In Moffat, supra, 27 Cal.3d 645, 165 Cal.Rptr. 877, 612 P.2d 967, the custodial mother had "obdurately refused to comply with the visitation order and ha[d] thus denied the children their right to know and to be with their father." (Id. at p. 650, 165 Cal.Rptr. 877, 612 P.2d 967.) Because of the mandate of Code of Civil Procedure former section 1694, we held that this circumstance did not provide a defense to the obligation to pay child support. We emphasized we did not approve of the custodial parent's conduct, but concluded that "in such circumstances the child's need for sustenance must be the paramount consideration." (Id. at p. 651, 165 Cal.Rptr. 877, 612 P.2d 967.)
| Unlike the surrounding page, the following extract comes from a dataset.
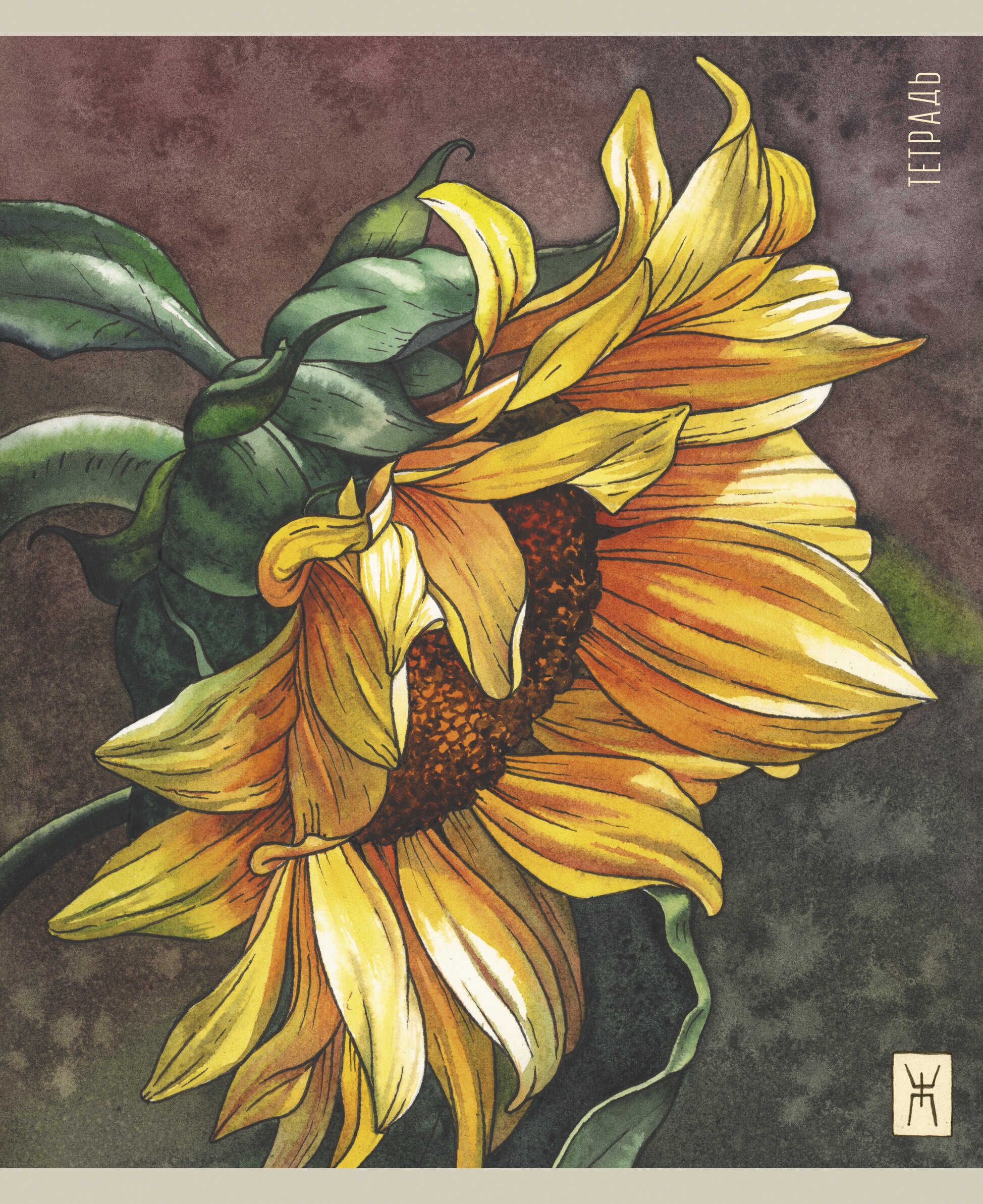 Живопись (Эксклюзив) – ТК2ЛФ488402 Живопись (Эксклюзив) – ТК2ЛФ488402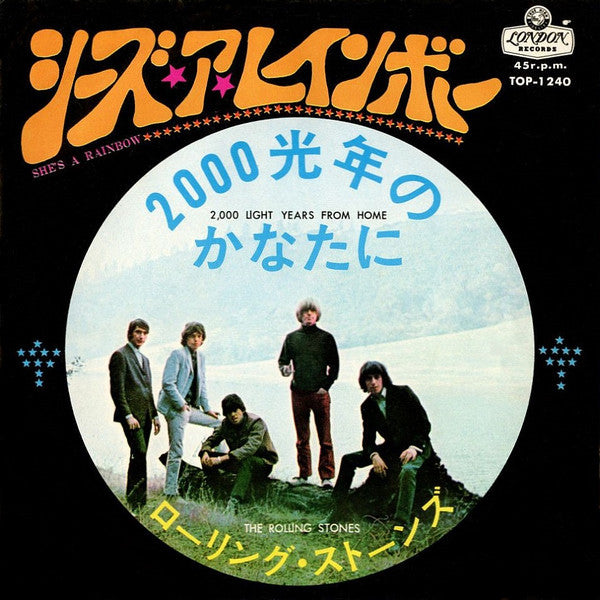 Master Release: 2000 Light Years From Home / She's A Rainbow by The Rolling Stones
We noted, however, that although "RURESA provides no forum for litigating disputes over interference with custody and visitation rights, a noncustodial parent in the position of Mr. Moffat is not bereft of remedy. Such rights are initially determined by the superior court, acting under authority of the Family Law Act. (Civ.Code, § 4351.) Thus the parent whose rights are in jeopardy may seek enforcement of the judgment, order, or decree in the rendering court. (Id., § 4380.)" (Moffat, supra, 27 Cal.3d at pp. 651-652, 165 Cal.Rptr. 877, 612 P.2d 967.) We listed "several appropriate sanctions when the custodial parent acts with an intent to frustrate or destroy visitation rights," including contempt proceedings, terminating or reducing spousal support, modifying custody or child support orders, and requiring a bond to assure compliance with the visitation order. (Id. at p. 652, 165 Cal.Rptr. 877, 612 P.2d 967.) But as regards the noncustodial parent's obligation to continue to pay child support, we concluded that "by her misconduct alone in depriving the father of his visitation rights, [the custodial parent] is not estopped from pursuing the enforcement of child support under RURESA." (Ibid.; see also id. at p....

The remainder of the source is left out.